▶ **Directions**:
Set down, exactly as written, the lines from the top of the data to the line that holds "LuisAngel Acuna Rookie Review", and omit the pictures.

▶ **Given data**:
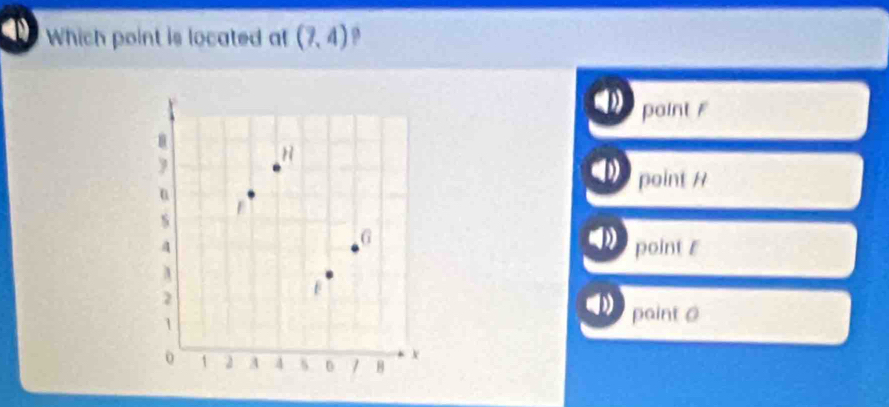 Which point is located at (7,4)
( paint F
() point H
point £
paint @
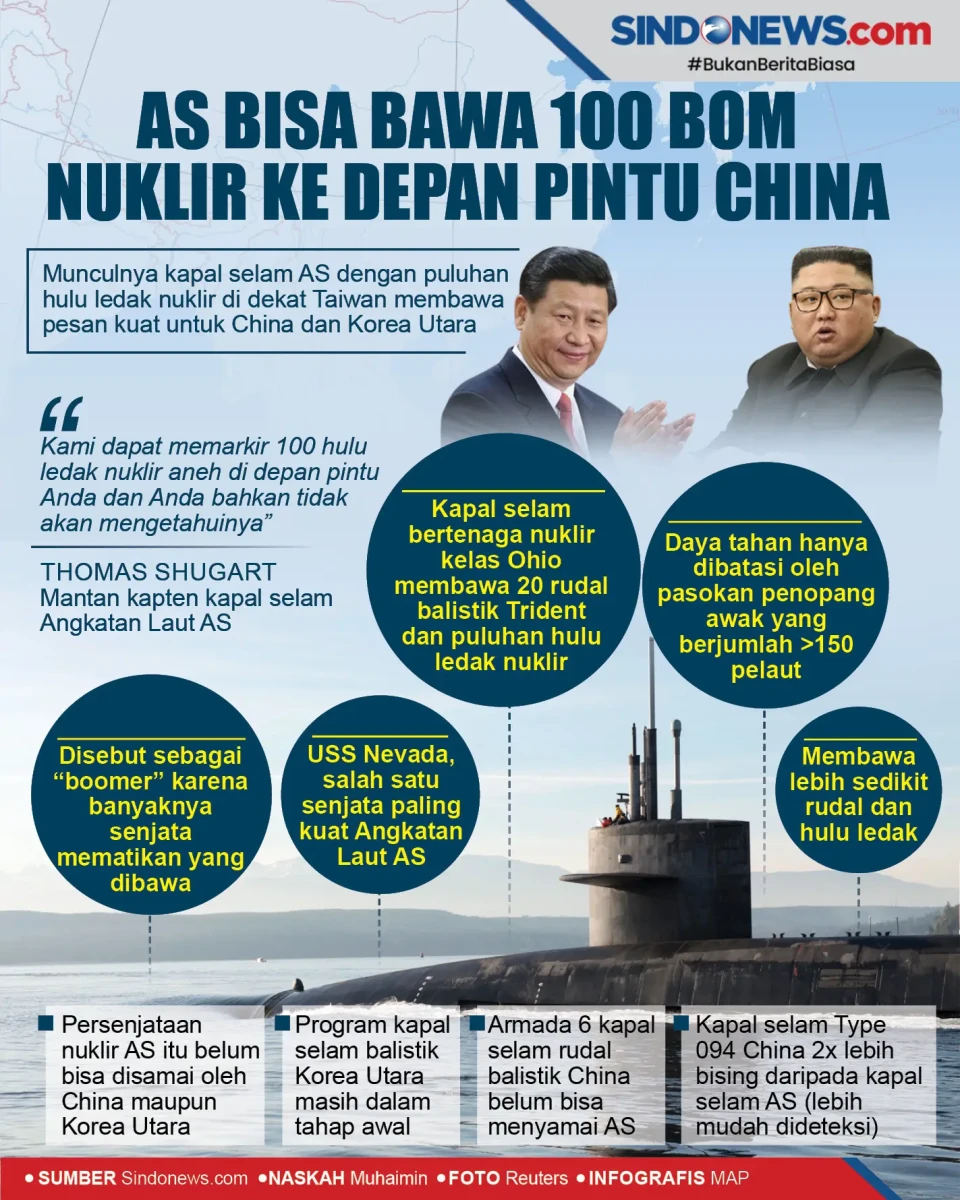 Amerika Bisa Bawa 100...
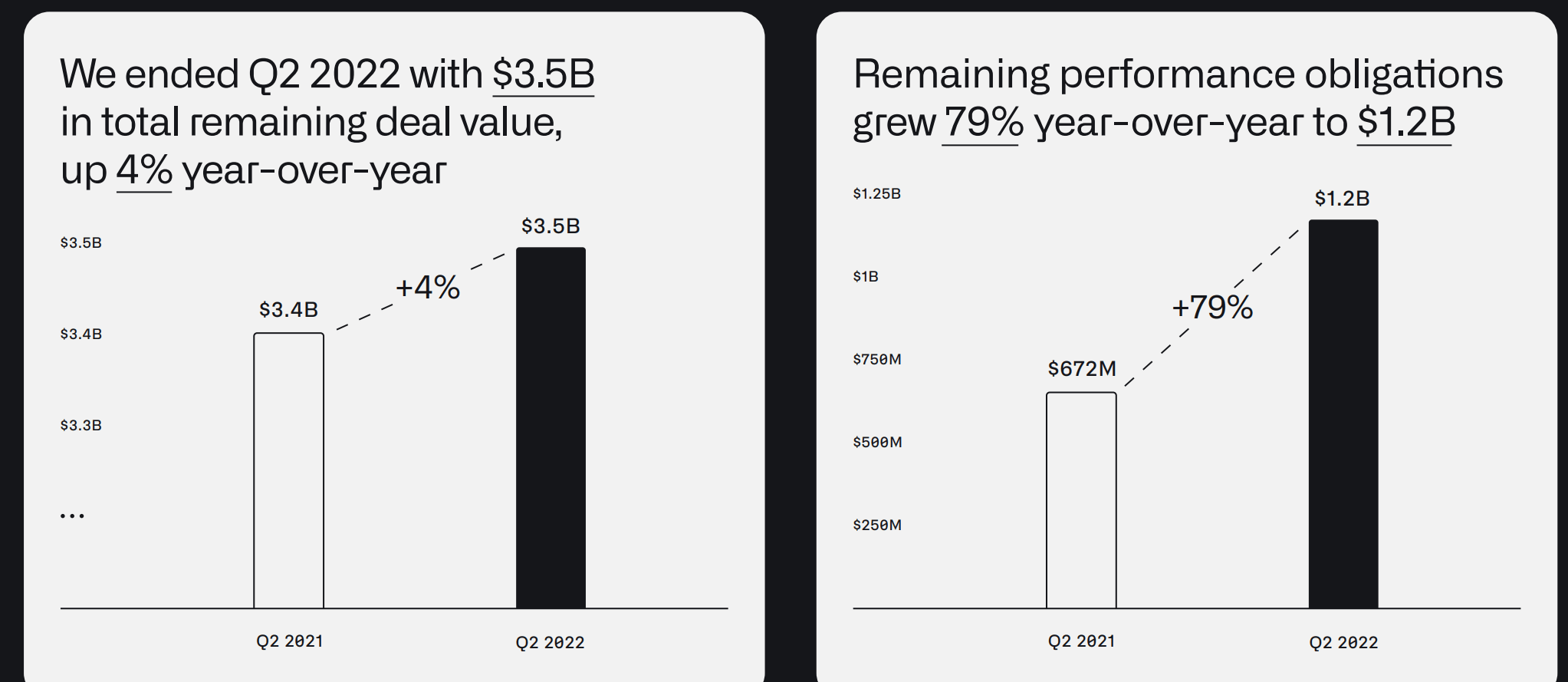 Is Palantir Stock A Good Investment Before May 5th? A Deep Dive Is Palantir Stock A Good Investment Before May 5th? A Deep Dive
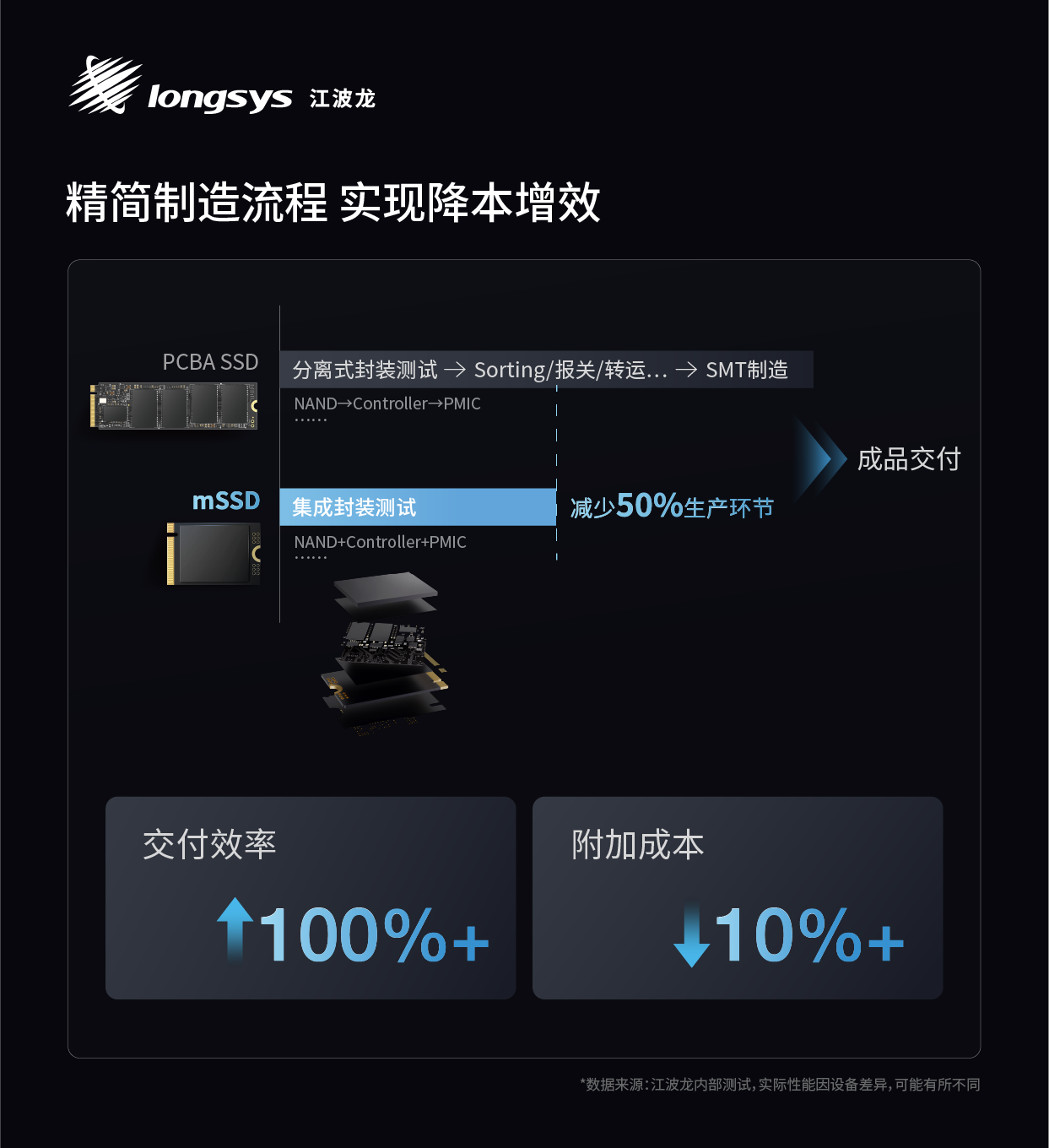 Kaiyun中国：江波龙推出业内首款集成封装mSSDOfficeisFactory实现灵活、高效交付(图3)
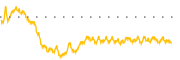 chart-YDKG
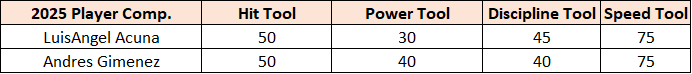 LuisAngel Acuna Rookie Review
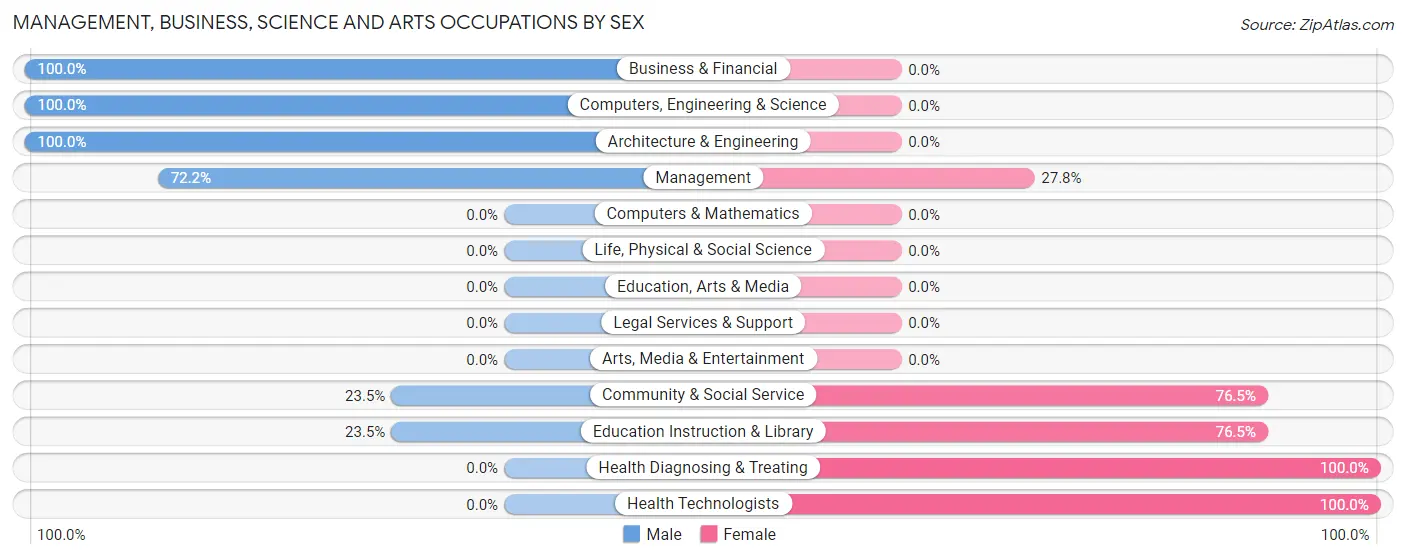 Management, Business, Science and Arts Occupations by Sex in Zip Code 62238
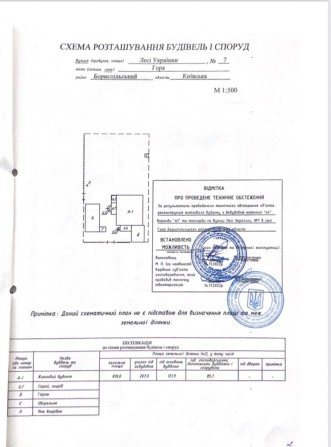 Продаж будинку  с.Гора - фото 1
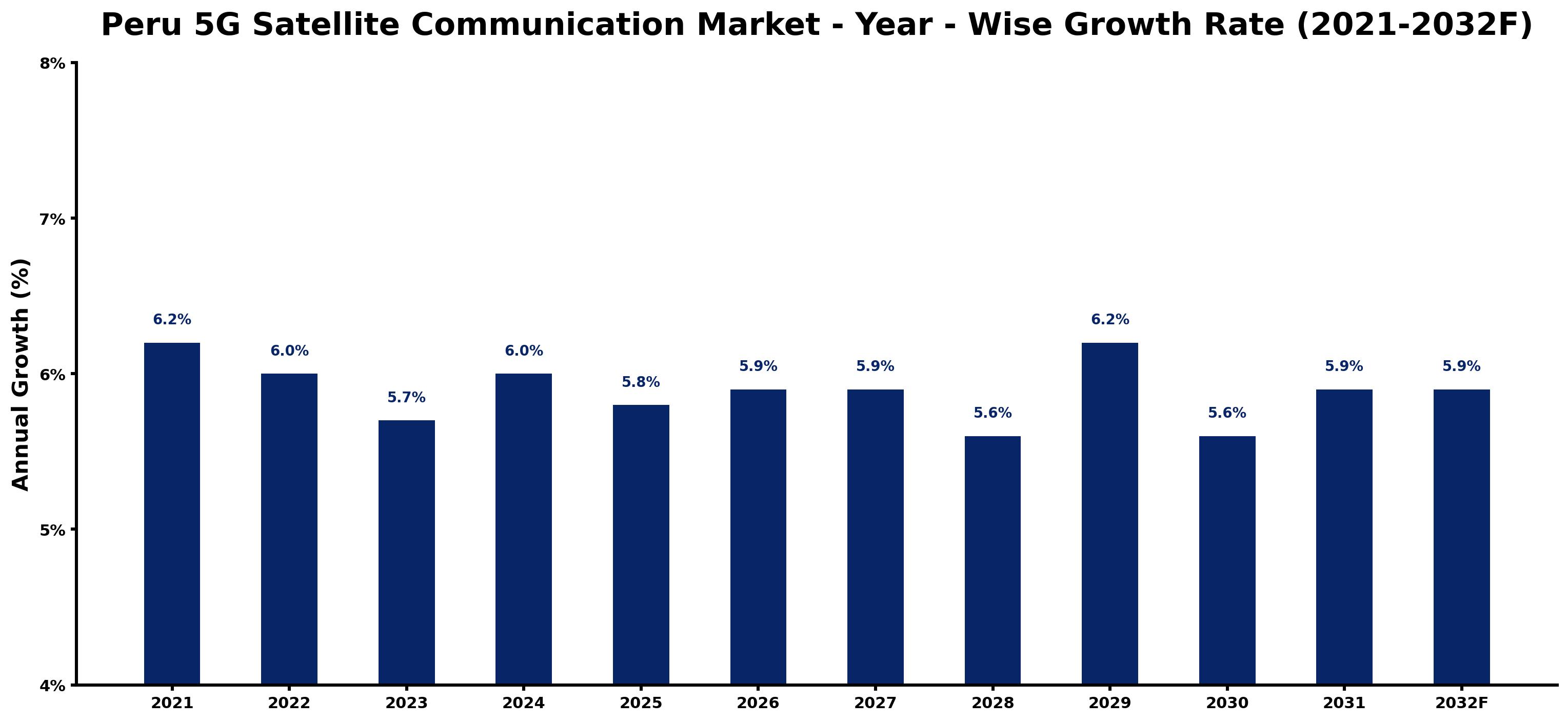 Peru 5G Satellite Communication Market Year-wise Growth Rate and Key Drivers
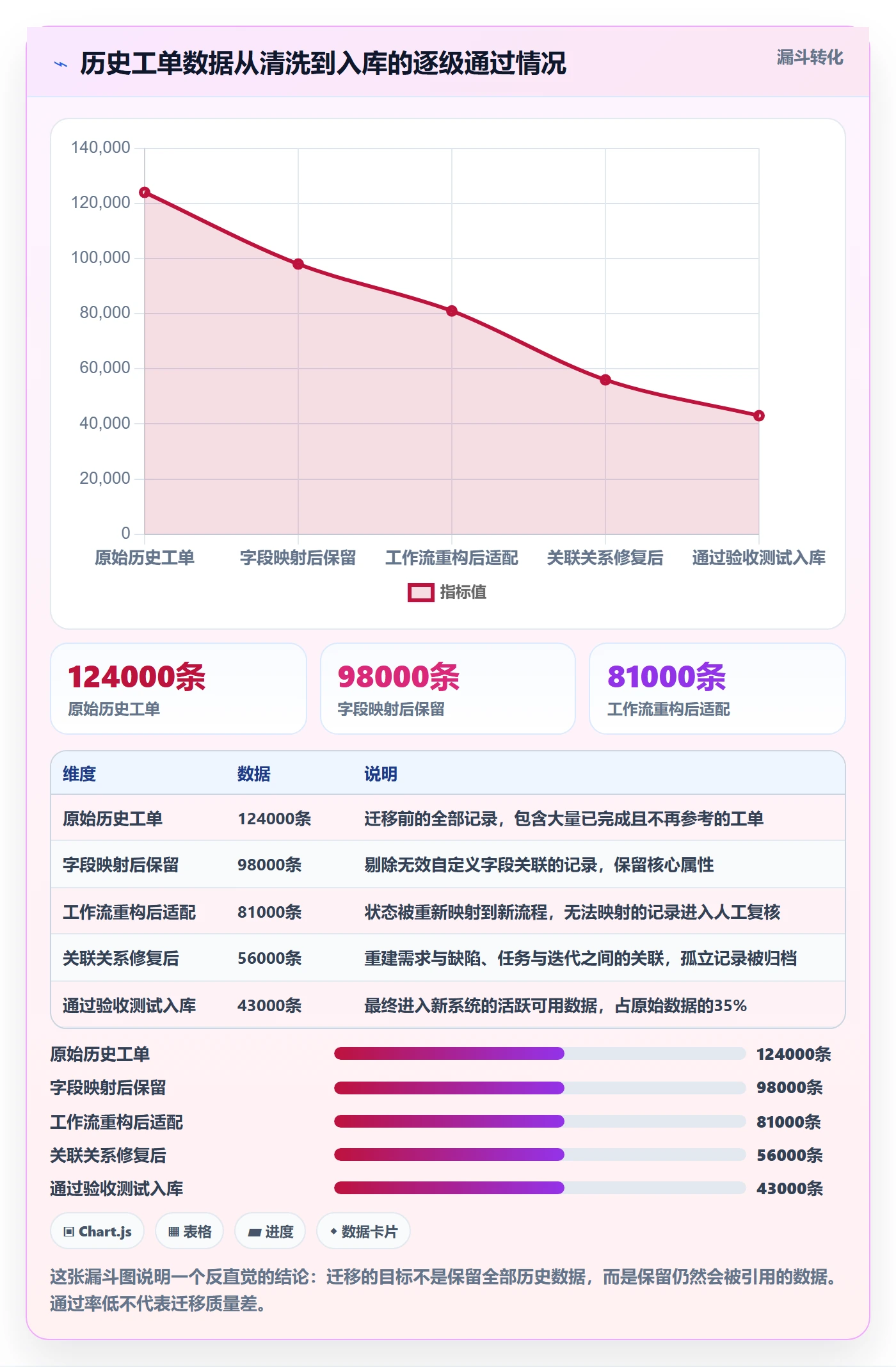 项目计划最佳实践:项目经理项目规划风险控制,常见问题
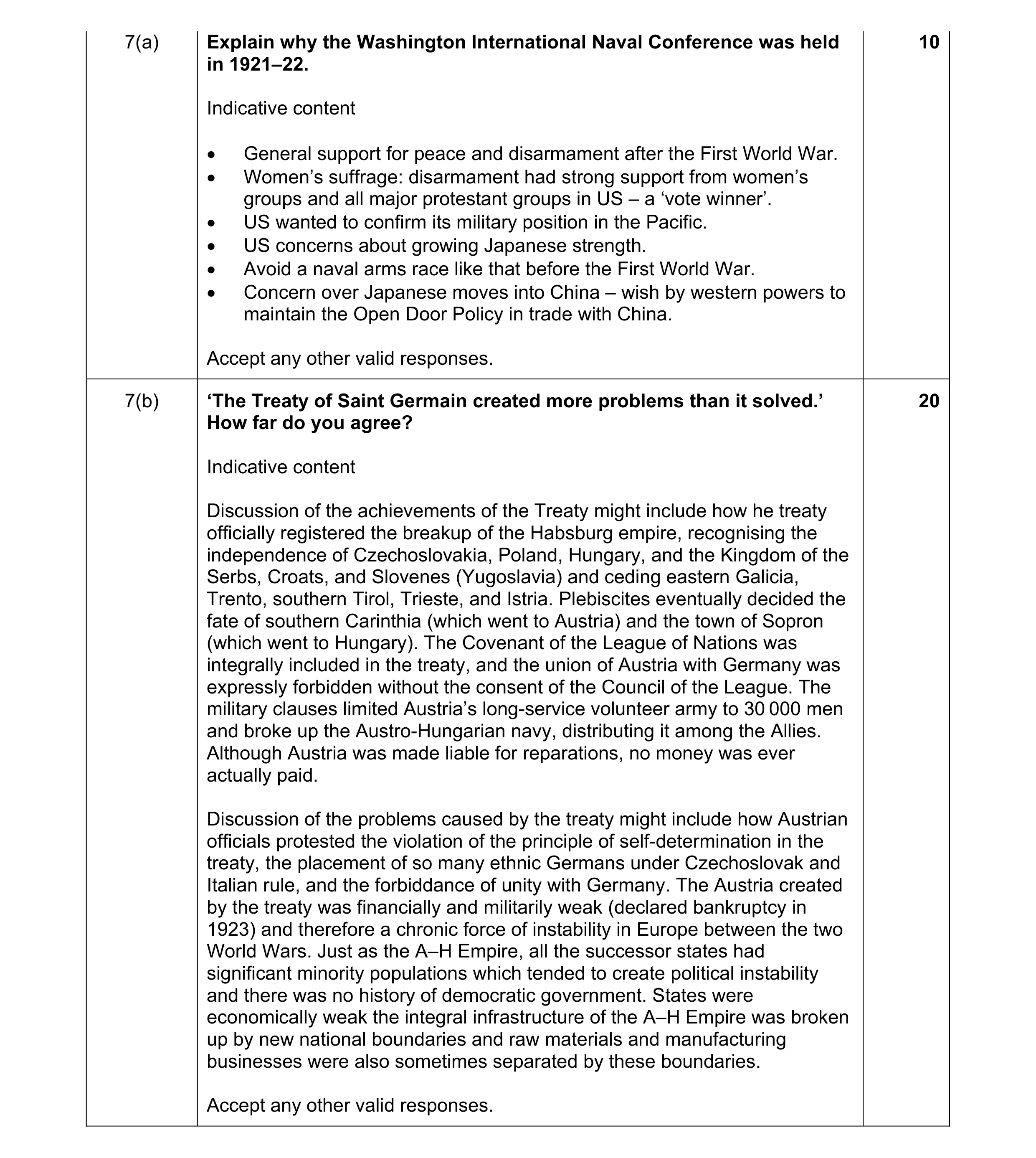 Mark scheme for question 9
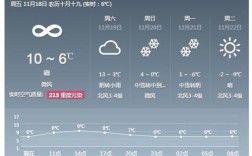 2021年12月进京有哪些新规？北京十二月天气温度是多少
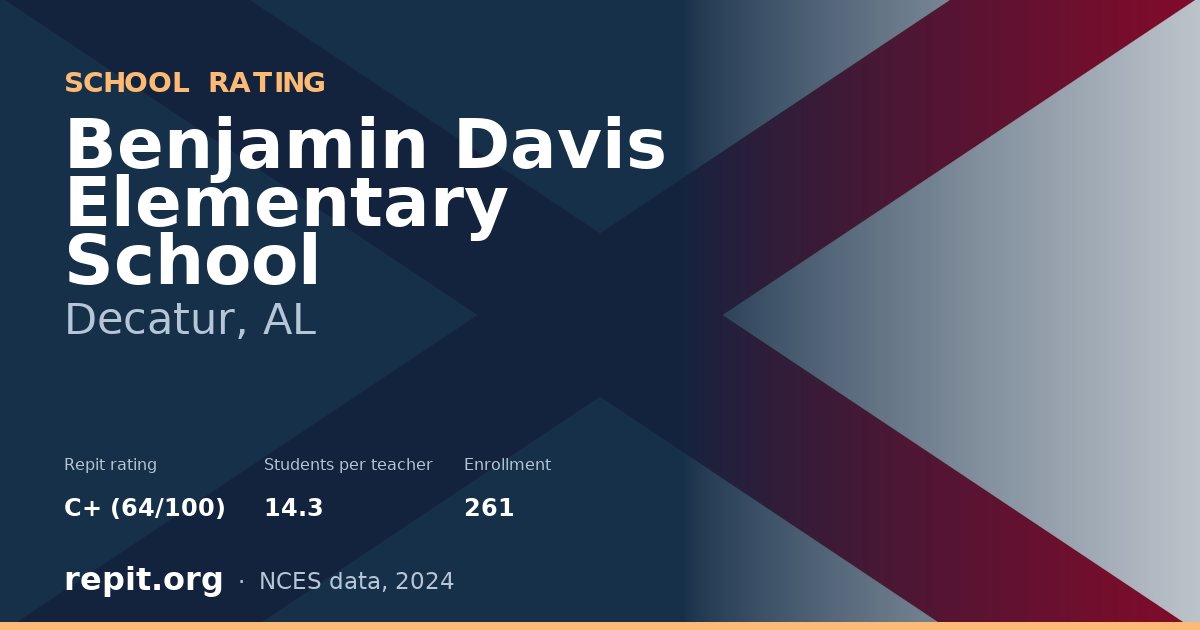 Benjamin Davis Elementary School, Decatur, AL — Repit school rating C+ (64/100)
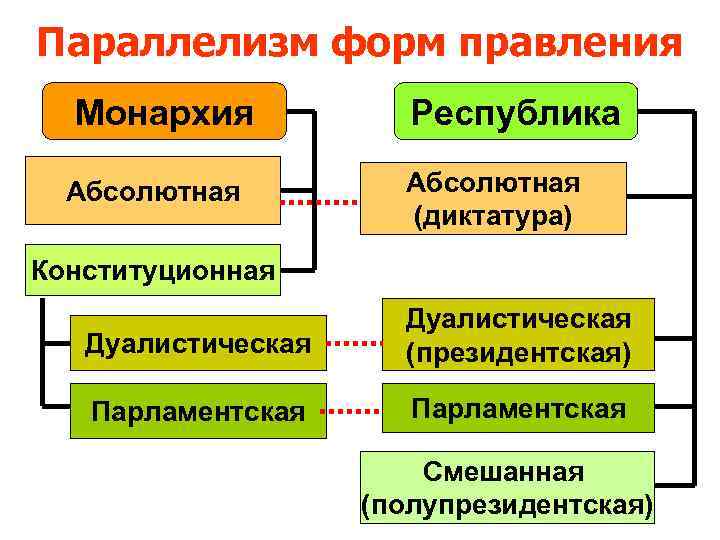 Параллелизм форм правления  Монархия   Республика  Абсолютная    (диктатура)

▶ **Response to this exercise**:
 Which point is located at (7,4)
( paint F
() point H
point £
paint @
 Amerika Bisa Bawa 100...
 Is Palantir Stock A Good Investment Before May 5th? A Deep Dive Is Palantir Stock A Good Investment Before May 5th? A Deep Dive
 Kaiyun中国：江波龙推出业内首款集成封装mSSDOfficeisFactory实现灵活、高效交付(图3)
 chart-YDKG
 LuisAngel Acuna Rookie Review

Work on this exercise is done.